Al-Assar’s comments came during a visit to Washington, where concern is rising over SCAF’s rejection of foreign monitors for the parliamentary elections and its objection to foreign funding for Egyptian NGOs.

“We are worried about foreign funding coming from outside Egypt whether from the Europeans or from the Americans or from other Arab states,” he said. “The Egyptian people are nationalistic and are against foreign interference in our political life.”

Such positions have caused speculation that the military may be working to exclude other powers and guarantee itself a decisive political role in the country’s political life, something that Al- Assar denied. Al-Assar said its position was solely motivated by a desire to protect “national sovereignty”.

But concern is rising in Egypt that the military may be reneging on its pledge to support the country’s march towards full-fledged democracy.

Over the past two weeks, the military has faced unprecedented protests in Tahrir Square and elsewhere in the country that focused on the military’s reluctance to hold former regime leaders and members of the police force accountable for the shooting and killing of some 800 democracy protesters during the 18-day uprising.

SCAF also raised questions in Egypt after it announced it will form a committee to write a set of principles “governing and guiding the drafting of the constitution”.

Most of the country’s political organisations and parties viewed the decision as a sign that the military wants to shield the armed forces and its budget from future parliamentary and public scrutiny.

Another issue that further fuelled suspicion of the military’s intentions is a regulation issued by SCAF, under its presidential powers, organising the coming parliamentary elections.

The measure was widely criticised by political parties and groups because of districting issues that could allow former members of ousted president Hosni Mubarak’s ruling National Democratic Party, who come from powerful families in rural areas, to maintain seats in the new parliament.

Political groups including the Muslim Brotherhood and liberal-leaning Al-Wafd party, along with democracy activist Ayman Nour, also rejected the law allowing the next president to appoint 10 members to parliament, a provision that Mubarak had used to bolster the list of his supporters in parliament.

But on Monday, Al-Assar said that after the revolution that started on Jan. 25 and ended Feb. 11 with the Western-backed Mubarak’s resignation, the military pledged to adopt principles that Egypt is a “country of law” and that the military will respect that.

He said most of the issues objected to are better off left to the new elected parliament to deal with rather than the military.

“There is major change in Egypt and never, never will it return back to the past,” he said. “We are not dictators. The Egyptian Armed Forces are owned by the Egyptian people…We’d like to be ready to play only a role the people of Egypt ask us to.”

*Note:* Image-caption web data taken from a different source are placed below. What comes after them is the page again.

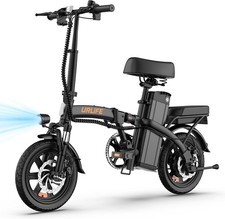 URLIFE 14" Electric Commuter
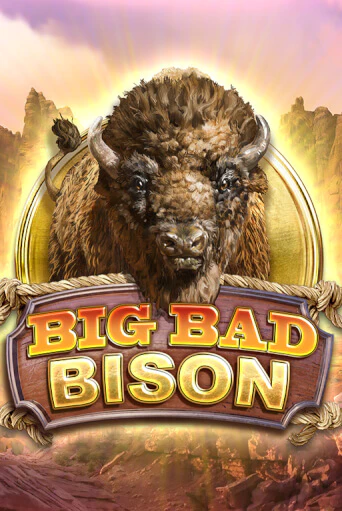Big Bad Bison демо режим | Vulkan Casino BY бесплатно без регистрации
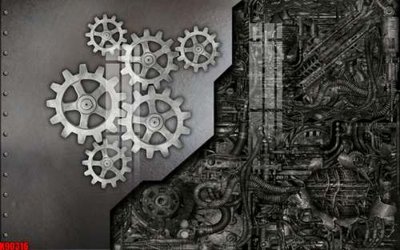 File gốc File tranh gốc tổng hợp tranh nền tường đẹp K90316 (in mica) cắt laser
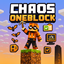 Chaos OneBlock logo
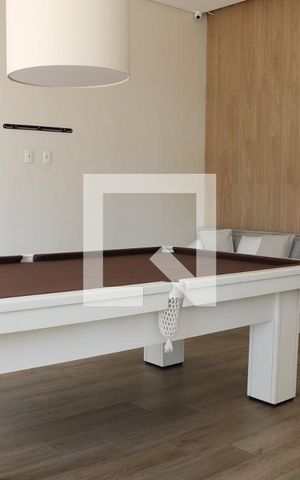 Apartamento para alugar com 33m², 1 quarto e 1 vagaÁrea comum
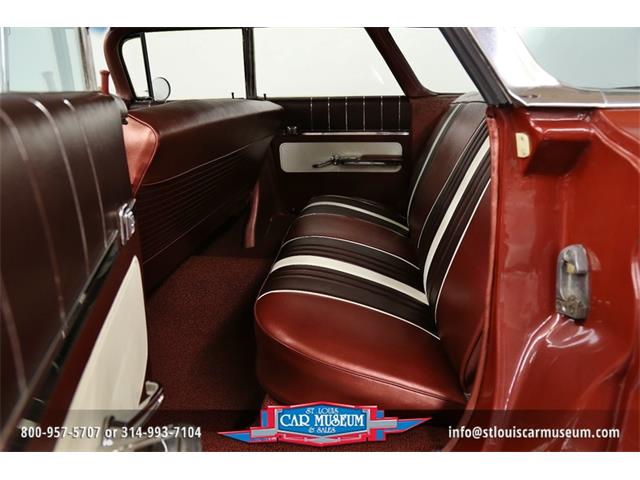 1960 Pontiac Ventura (CC-1066480) for sale in St. Louis, Missouri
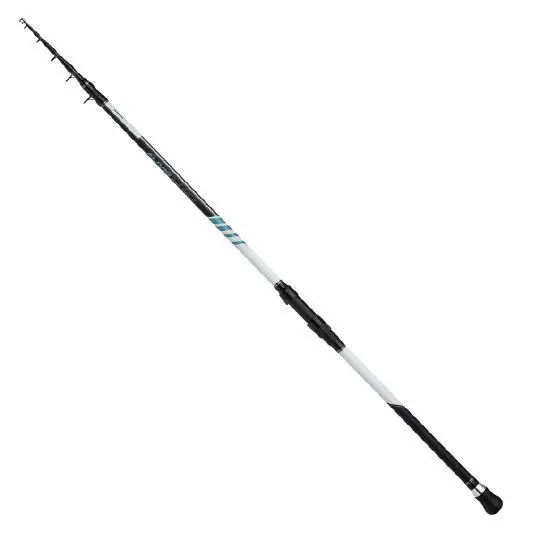 Lanseta Shimano Alivio CX Boat Tele 2.70m/50-150g Discount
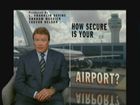 60 Minutes, How Secure Is Your Airport?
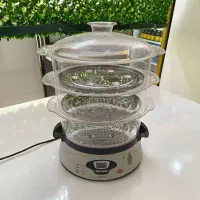 بخار پز در حد نو هشتگرد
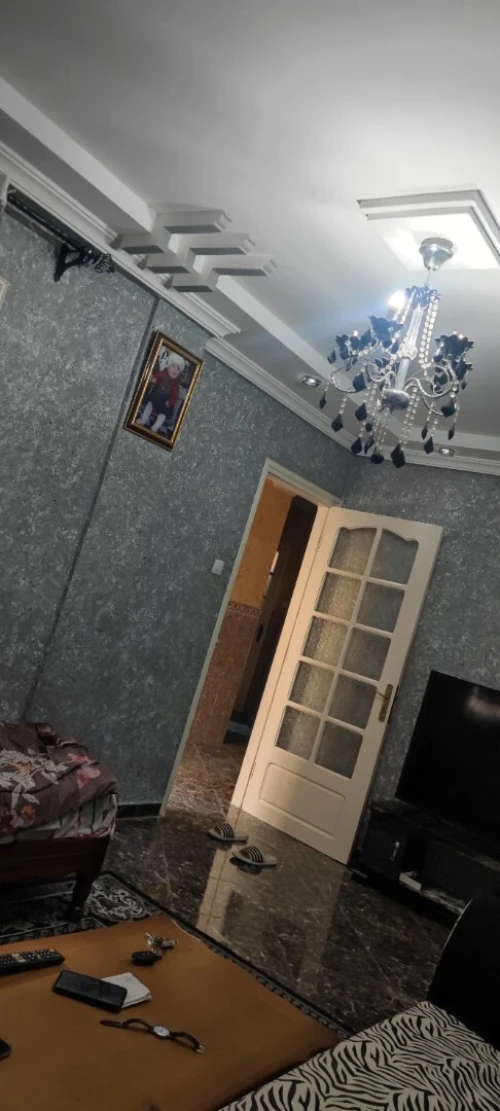 Vente Villa Mostaganem Stidia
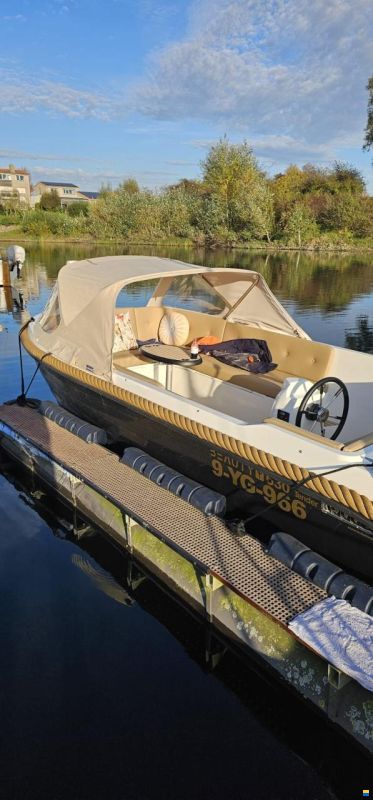 Beauty 630 Tender
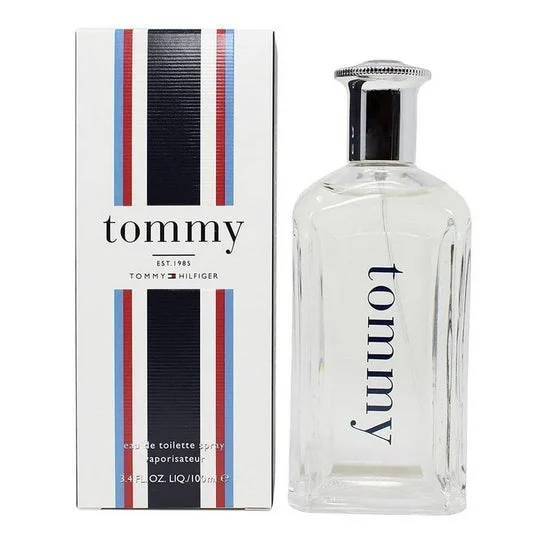Tommy Hilfiger Eau de Toilette 100ml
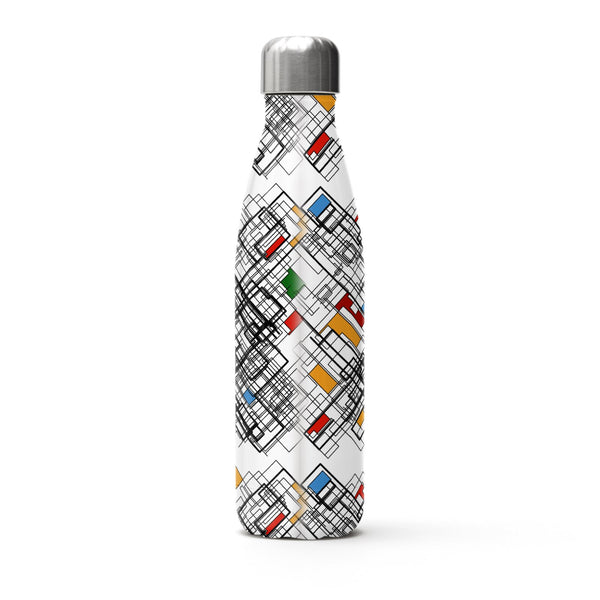 Stainless Steel Thermal Bottle
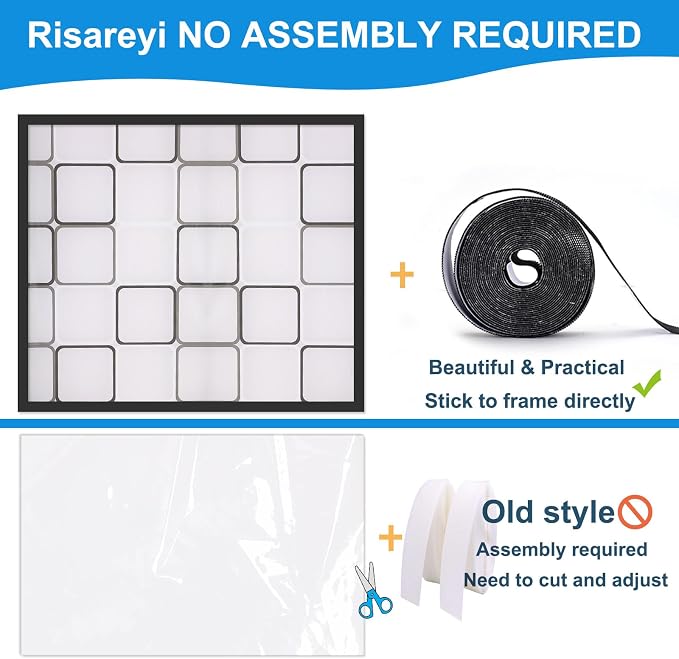 Risareyi Semi-Transparent Window Insulation - Image 7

Al-Assar’s comments, while measured and optimistic, may betray a split among SCAF’s members with Al-Assar leading the faction calling for profound and true changes and others led by the SCAF’s head, Defence Minister Field Marshal Mohamed Hussein Tantawi, and General Hassan Al-Rewiny, head of the Central District Command, which includes Cairo.

Both Tantawi and Al-Rewiny appear to want a more subdued transformation, with the military’s privileges accrued under Mubarak maintained.

Al-Rewiny recently accused some protestors who have rallied for a faster pace of change of being foreign agents, and claimed that they were working against the national interest of the country. He specifically mentioned the April 6 Group, which is made up of die- hard protesters who occasionally use anarchistic tactics, and said they were receiving foreign funding and training outside the country.

Tantawi, although he opposed corruption by businessmen and companies associated with Mubarak and criticised the country’s fast privatisation programme even when serving under Mubarak, is widely seen as a man opposed to drastic changes in the country.

But both factions are dealing with rising impatience among Egyptians. Many ordinary Egyptians say they haven’t yet felt the benefits of the revolution and that the military was moving too slowly towards democracy for a revolution of this size.